◆ **Work order**
Leave the pictures out and write out the rest of the listing word for word.
Start of Records provided
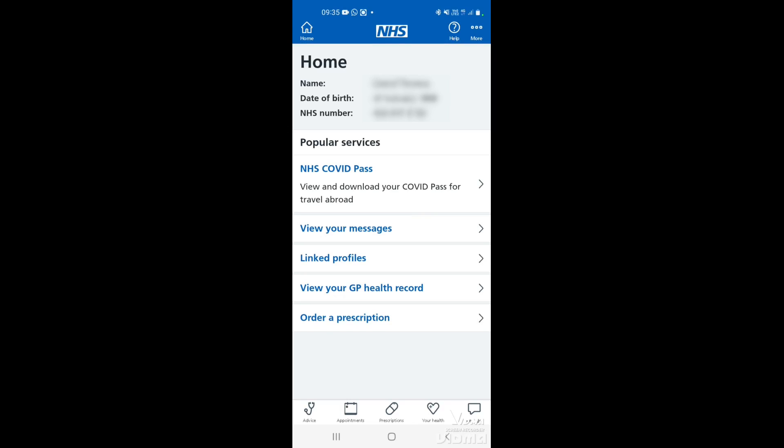In this video we're going to show you how to book appointments using the NHS app. Once you've signed in you'll be on the main screen. At the bottom you can see a list of options, so we want to tap on appointments.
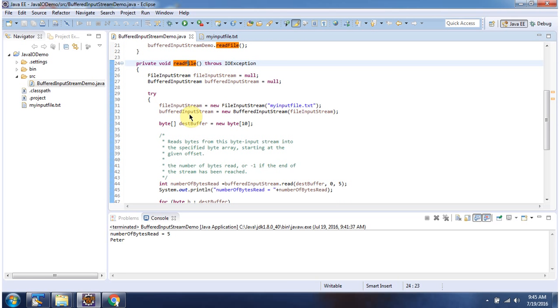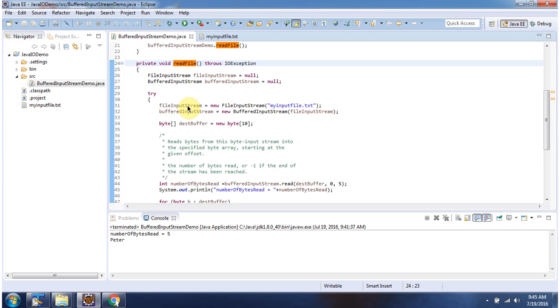Inside readFile method I have created bufferedInputStream object using bufferedInputStream constructor which accepts inputStream. InputStream I am passing as fileInputStream. Here I have created fileInputStream object using fileInputStream constructor which accepts fileName. FileName is myInputFile.Text.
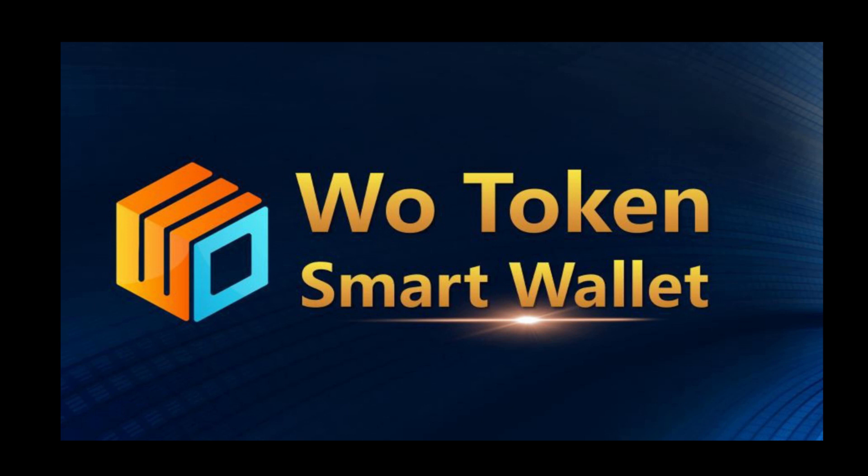In this video, I will be showing you how to install the WoToken app on Android phone.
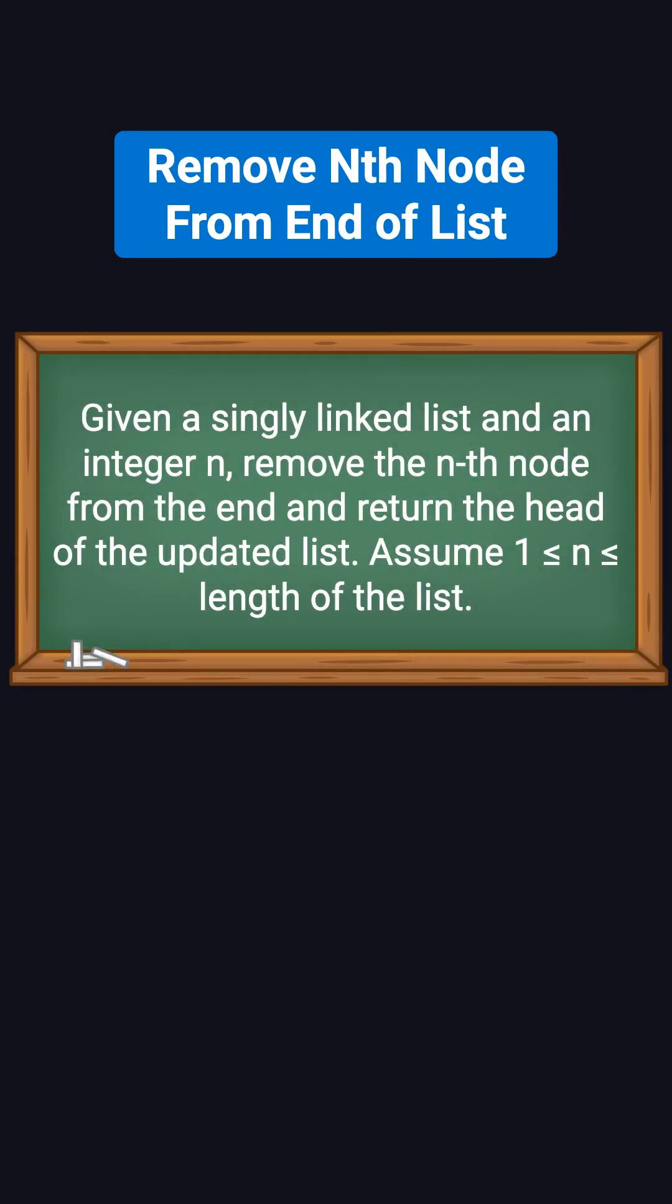The problem goes like this. You're given a singly linked list and an integer n. Your task is to remove the nth node from the end and return the head of the updated list. Here, we assume n is at least 1 and no larger than the length of the list.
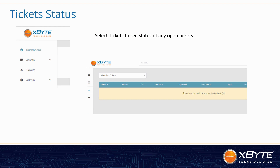Once a ticket is submitted, it will show up under all active tickets, which would be visible through the dashboard or the menu on the left-hand side under the bell icon that says Tickets. A list will show up with any status — whether it's pending, awaiting information, or parts have been ordered. All of that information would be available through this dashboard.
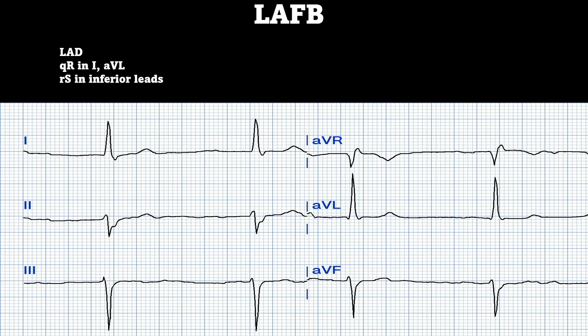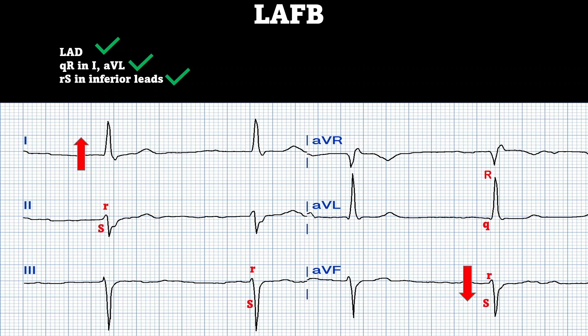Here's a left anterior fascicular block example with three criteria to check. First, do we have left axis deviation? Lead I is up and AVF is down — thumbs pointing away from each other — so yes, left axis deviation. Second, do we see small Q and big R waves in lead I and AVL? Yes — the Q wave is most noticeable in AVL as a small deflection before the prominent R wave. Third, do we have a small R and a big S in the inferior leads II, III, and AVF? Yes — a small upstroke followed by a dominant downward deflection. All three criteria confirmed.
End of Records provided
◆ **Answer for the task**
In this video we're going to show you how to book appointments using the NHS app. Once you've signed in you'll be on the main screen. At the bottom you can see a list of options, so we want to tap on appointments.
Inside readFile method I have created bufferedInputStream object using bufferedInputStream constructor which accepts inputStream. InputStream I am passing as fileInputStream. Here I have created fileInputStream object using fileInputStream constructor which accepts fileName. FileName is myInputFile.Text.
In this video, I will be showing you how to install the WoToken app on Android phone.
The problem goes like this. You're given a singly linked list and an integer n. Your task is to remove the nth node from the end and return the head of the updated list. Here, we assume n is at least 1 and no larger than the length of the list.
Once a ticket is submitted, it will show up under all active tickets, which would be visible through the dashboard or the menu on the left-hand side under the bell icon that says Tickets. A list will show up with any status — whether it's pending, awaiting information, or parts have been ordered. All of that information would be available through this dashboard.
Here's a left anterior fascicular block example with three criteria to check. First, do we have left axis deviation? Lead I is up and AVF is down — thumbs pointing away from each other — so yes, left axis deviation. Second, do we see small Q and big R waves in lead I and AVL? Yes — the Q wave is most noticeable in AVL as a small deflection before the prominent R wave. Third, do we have a small R and a big S in the inferior leads II, III, and AVF? Yes — a small upstroke followed by a dominant downward deflection. All three criteria confirmed.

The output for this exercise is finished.